While Gonzalez is being stripped of his salary, two other city police officers indicted on felony charges, Deputy Chief Melix Bonilla and P.J. Lopez, remain on the city payroll. Lantigua, as mayor, is the appointing authority and ultimately decides if a police officer will be fired.
On Monday, a termination letter was faxed to Gonzalez who is being held on a $165,000 bond in the South Jail in Polk County, Fla., officials said.
A termination hearing for Gonzalez was held on June 21 at Lawrence City Hall. McQuillan, city attorney Charles Boddy and police Capt. Scott McNamara attended the hearing. Neither Gonzalez nor his defense attorney were present.
McQuillan issued his decision, agreeing with Lantigua’s firing the 25-year police officer, five days later on June 26.
In his decision, McQuillan wrote “just cause” exists for Gonzalez’s termination for conduct unbecoming of an officer and noted he’s facing “serious criminal charges of moral turpitude in Florida and New Hampshire involving two separate alleged victims who are minors.”

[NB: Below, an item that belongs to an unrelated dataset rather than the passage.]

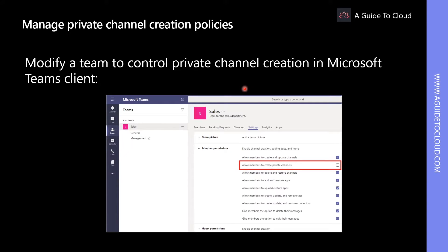One way to restrict the creation of a private channel is to let an administrator create a team policy that restricts private channel creation. But team owners can also restrict private channel creation on a per-team-level basis themselves.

He added it’s reasonable to conclude Gonzalez committed a serious breach of public trust and quoted state case law (city of Boston v. Boston Patrolmen’s Association) which reads, “One of the most important police functions is to create and maintain a feeling of security in communities. To that end, it is extremely important for the police to gain and preserve public trust, maintain public confidence and avoid abuse of power by law enforcement officials.”